Cette année, le gigantisme est de retour à Artgenève et se décline au sein d’une nouvelle section, justement intitulée «Sur Mesure». En haut à droite de l’escalier roulant, dans un espace ad hoc, on se retrouve face à une énorme «pieuvre» qui brille de mille fleurs, couleurs et feux. C’est Valkyrie Mumbet (2020), une oeuvre monumentale de l’artiste portugaise Joana Vasconcelos (1971). La déesse guerrière plane et déploie ses longs bras et ses franges, suspendue dans cette vaste pièce drapée de noir, entourée de quatre autres oeuvres aux dimensions respectables même si elles semblent modestes au regard de l’imposante Mumbet.
Pour Mexico Set (2022), l’Américain Blair Thurman (né en 1961) a posé un buggy devant un paysage de toiles colorées; dans Autopanorama I, II, III (2023) la Française Dominique Gonzalez-Foerster (née en 1965) affiche un panorama extraterrestre où des architectures familières, utopiques dialoguent avec des aliens bienveillants; Ninth Life (2022) du Britannique Oli Epp (né en 1994) propose un toboggan, noir, lisse et un peu inquiétant en forme de chat; tandis que l’Américain Paul McCarthy (né en 1945) dévoile les drôles de grimaces d’un nain Grincheux en bronze sous le nom de White Snow Dwarf Grumpy (2026).
Luna Park
Cinq oeuvres, voilà qui reste modeste, au regard de Unlimited d’Art Basel qui proposait en 2023 pas moins de 76 objets d’art de grande taille à son public. Mais Nicolas Tremblay – qui avait apporté Felix à Artgenève – et qui assure aujourd’hui le commissariat de «Sur Mesure», explique que cette nouvelle section n’est pas seulement un espace offert aux galeries, mais aussi une exposition. «Nous avons choisi ces oeuvres en fonction d’une thématique, explique-t-il. L’idée, c’était de revenir vers la question de la foire, une foire du XIXe siècle où l’on pouvait voir des panoramas, où l’on trouvait des galeries marchandes: faire une sorte de clin d’oeil à ce que les Américains appellent l’amusement park, mais aussi à des lieux comme la Foire du Trône ou le Luna Park. Toutes les pièces qui sont ici y font référence. Lorsque j’ai vu en photo Valkyrie Mumbet de Joana Vasconcelos, elle m’a tout de suite fait penser à ces pieuvres qu’on retrouve sur les fêtes foraines.»

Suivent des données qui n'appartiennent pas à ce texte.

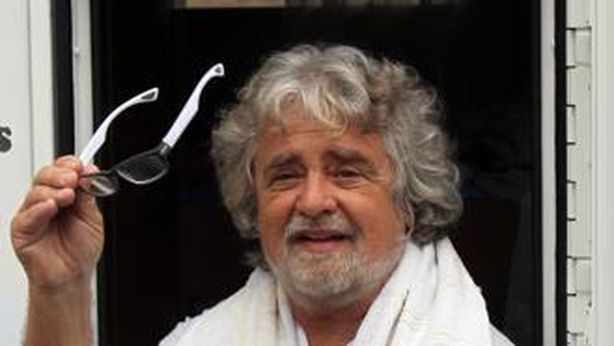 M5S: scorta per interviste e stop a “stampa inaffidabile”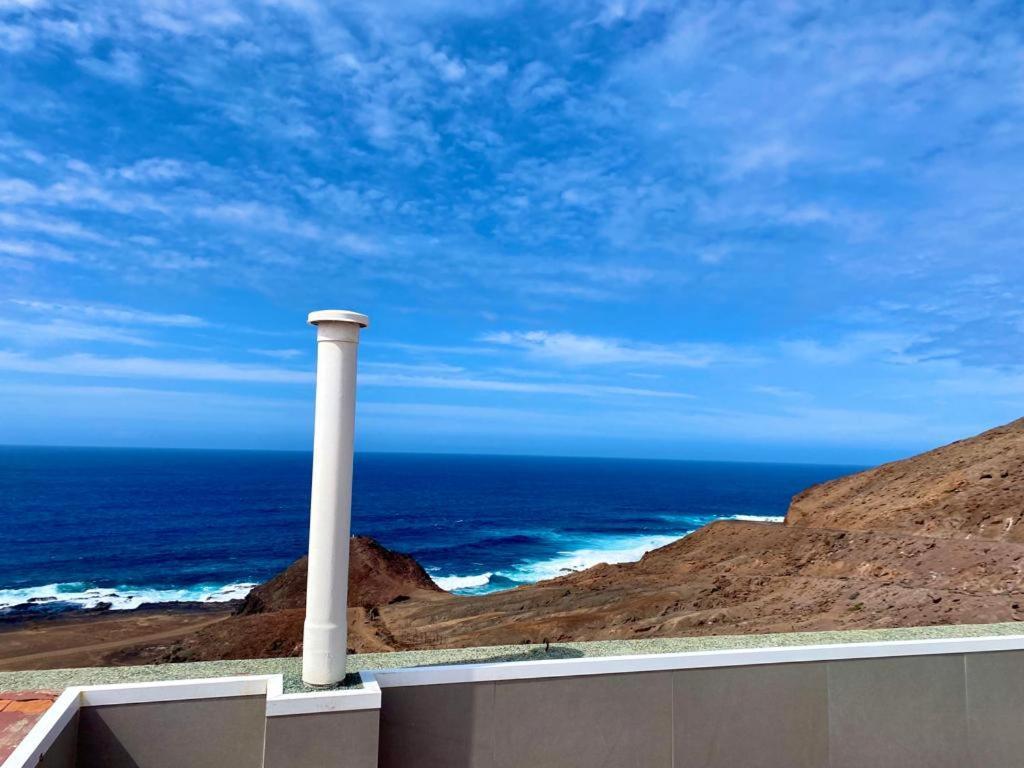 Apartamento Luminoso En Las Coloradas ลาสปัลมาส เด กรานคานาเรีย ภายนอก รูปภาพ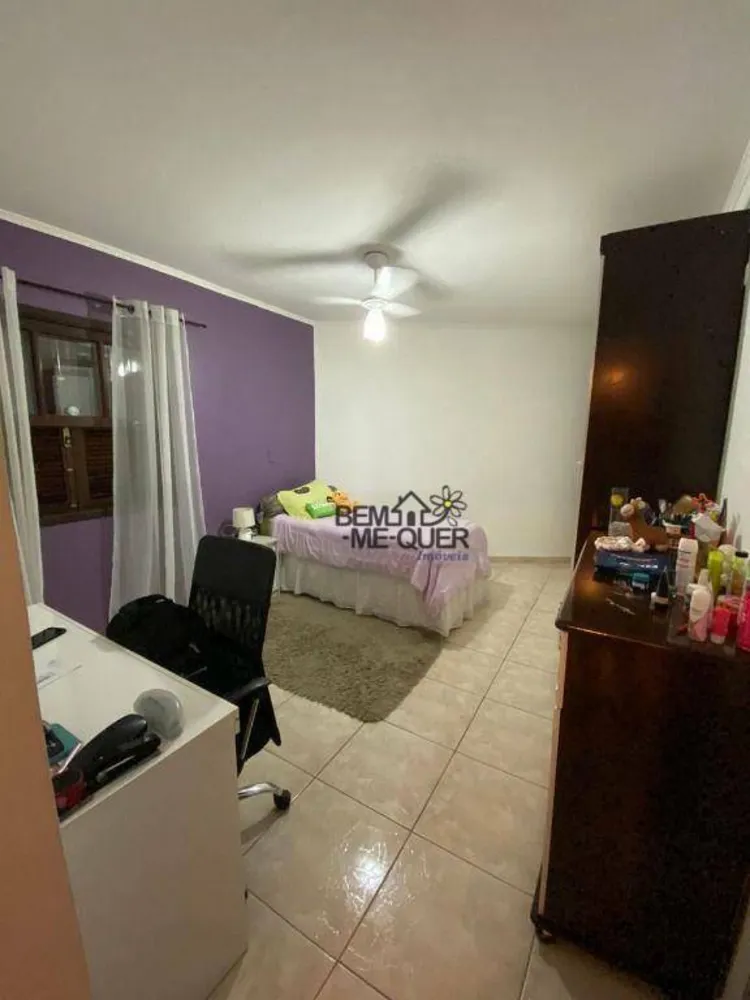 Sobrado, 3 quartos, 167 m² - Foto 8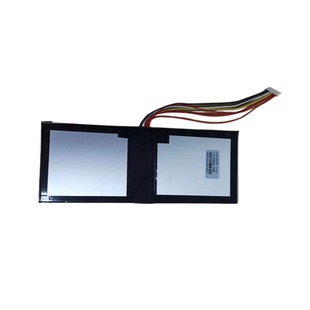 HS-3685220适用yepo远鹏i8 摆渡者A53 PINCHUN品纯-P30 i7 电池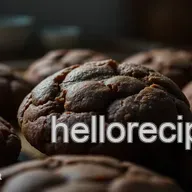 Chewy Molasses Cookie Recipe: A Cozy Dessert for Fall
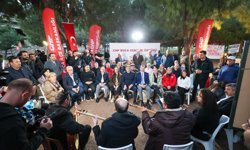 Buca’dan Meslek Fabrikası’na tam destek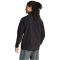 adidas TERREX Multi Essentials Fleece 1/2-Zip Sweatshirt Herren JP0783 - black XL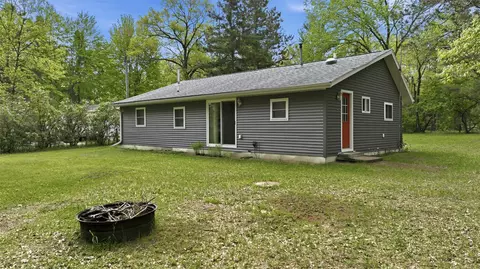 Exterior - 26660 County Road M, Holcombe, WI 54745 photo 5 of 11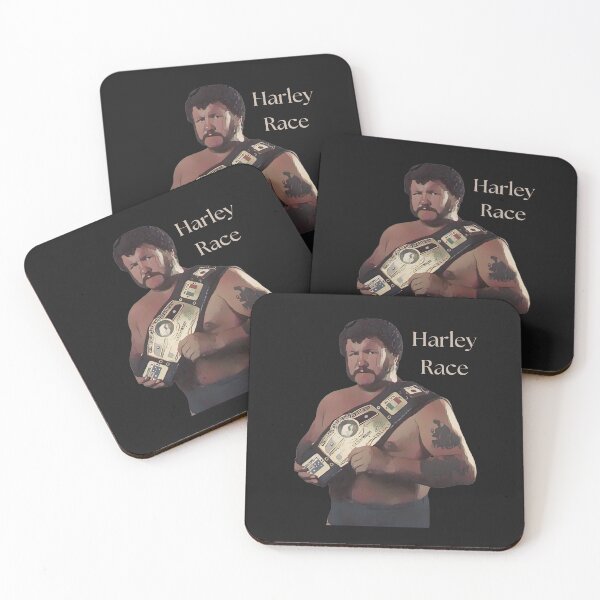 Item preview, Harley Race, Champion designed and sold by JoezPlace.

Monter une oeuvre comme un chapiteau
Installer Valkyrie Mumbet, c’est un peu comme monter un chapiteau. Il a fallu quatre jours pour que cette gigantesque structure fabriquée à la main et faite de pièces de crochet, de dentelle, de broderies, de tissus traditionnels mozambicains, de velours, de coton, de polyester, d’ornements et de pompons, mais aussi de LED, d’éléments gonflables et de câbles d’acier, s’élève dans les airs. Joana Vasconcelos est venue en personne pour l’occasion. «Il est rare de pouvoir exposer une pièce de cette taille dans une foire, dit-elle. Comme je suis dans le réseau de la monumentalité, je suis surtout dans les musées. Ici, c’est assez extraordinaire!»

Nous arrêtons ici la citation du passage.